I'm going to Southampton this weekend to visit mum but theres no way I can help. I'm full and have no room to keep any more without them being bonded to the ones I have, which I just can;t afford to do at the moment with commitments to another rabbit. If I did take any they would be stuck in a tiny indoor cage and be harrassed by the other buns with no where quiet I can possibly keep them. I really wish I could help, I'll see what I can do in the way of asking Delia or even seeing if my mum would be willing to have a couple to keep in Southampton.

Edit: Crofty, do you know where abouts in Lymington the place is a post code or something to work out distances. I can possibly take two of the buns and they stay at my mums but would only be temporary. Mum still has a hutch in the garden that I use when I stay there for one of my pairs, its not massive but would do temporarily till they find a long term place. My mums the type of person to say no to an animal before seeing it but if I just turn up with a bun or two she'll never turn them away, I've done this before with just about every pet I've had when living with her.


----------



## Ty-bo (Jun 27, 2009)

Aurelia said:


> Awww no
> 
> I don't know where Ty-bo is in Lincs, but I too could take a couple of female Guinea's if someone is coming up this way (past the Boston area).
> 
> I'd take some bunnies too, but we don't have any set up for them yet (though it's something planned for next year).


We arent too far from Boston (Spalding area!)


----------



## crofty (May 2, 2008)

Ok its not Lymington its New Milton, im at a wedding this weekend but this woman is 5mins up the road from me and lets just say the conditions these animals are in are awful  i can help on Monday afternoon but think two rescue girls are coming down Sunday to assess the situation. Anyone that can take any of these animals please pm me and i can see if we can coordinate a run with the rescue lot. 

Thanks x


----------



## Paws&Claws (Aug 29, 2009)

I would help but im miles away :crying: x


----------



## Kammie (Apr 4, 2009)

I've spoken to my mum and she's going on holiday in two weeks so if she did agree to look after one or two it really would be short term and I just don't have the space here to bring them to London. 

Crofty let me know the situation and if need be I can take one possibly two on a very short term basis at my mums.
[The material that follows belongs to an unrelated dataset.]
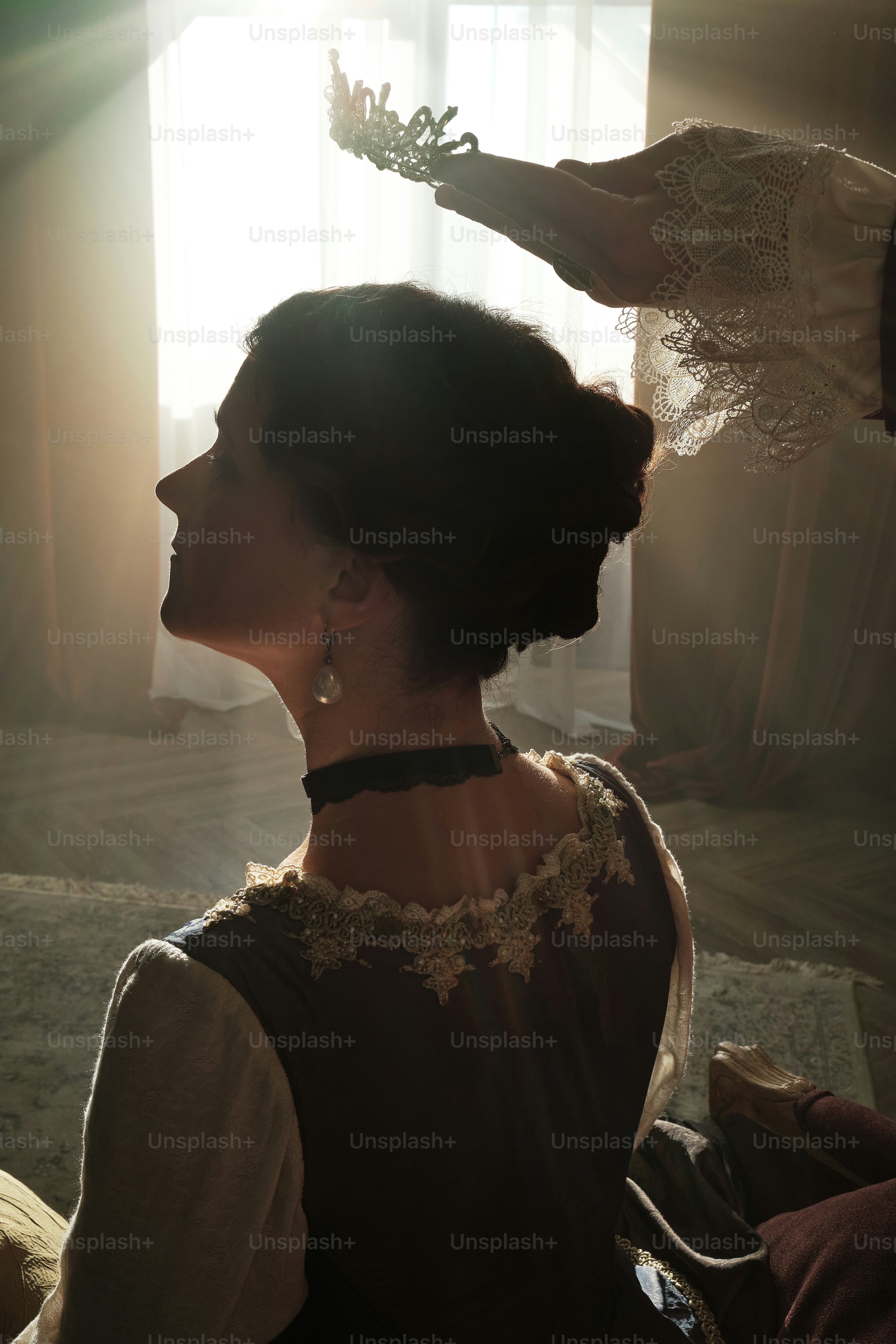 a woman is getting her hair done in a room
Will have my laptop with me at mums and will be staying there till Monday evening so send me a PM if I'm any help, mum only lives 30 mins max away from the address you gave me so can come at short notice if need be. Will PM you my mobile number so you can send a text or call if I'm not online and needed at short notice.


----------



## tinamary (Aug 17, 2008)

I can take some if they can get up to me.


----------



## crofty (May 2, 2008)

Thankyou so much everyone you guys are great!!!! Will let you know whats happening as soon as i do, keep checking RU too for updates too as im at a wedding from tonight and its going to be difficult for me to keep up xxx


----------



## The Duchess (Aug 28, 2010)

Hello everybody

I have just joined your forum today because I am a member of RU and am trying to coordinate any offers of help to either transport or rehome the rabbits in the situation near Lymington.

FOR ANYONE OFFERING A RESCUE PLACE OR PLACES PLEASE READ (taken from the RU thread)

"It's nice that so many people that are private individuals want to help here so can I make a suggestion?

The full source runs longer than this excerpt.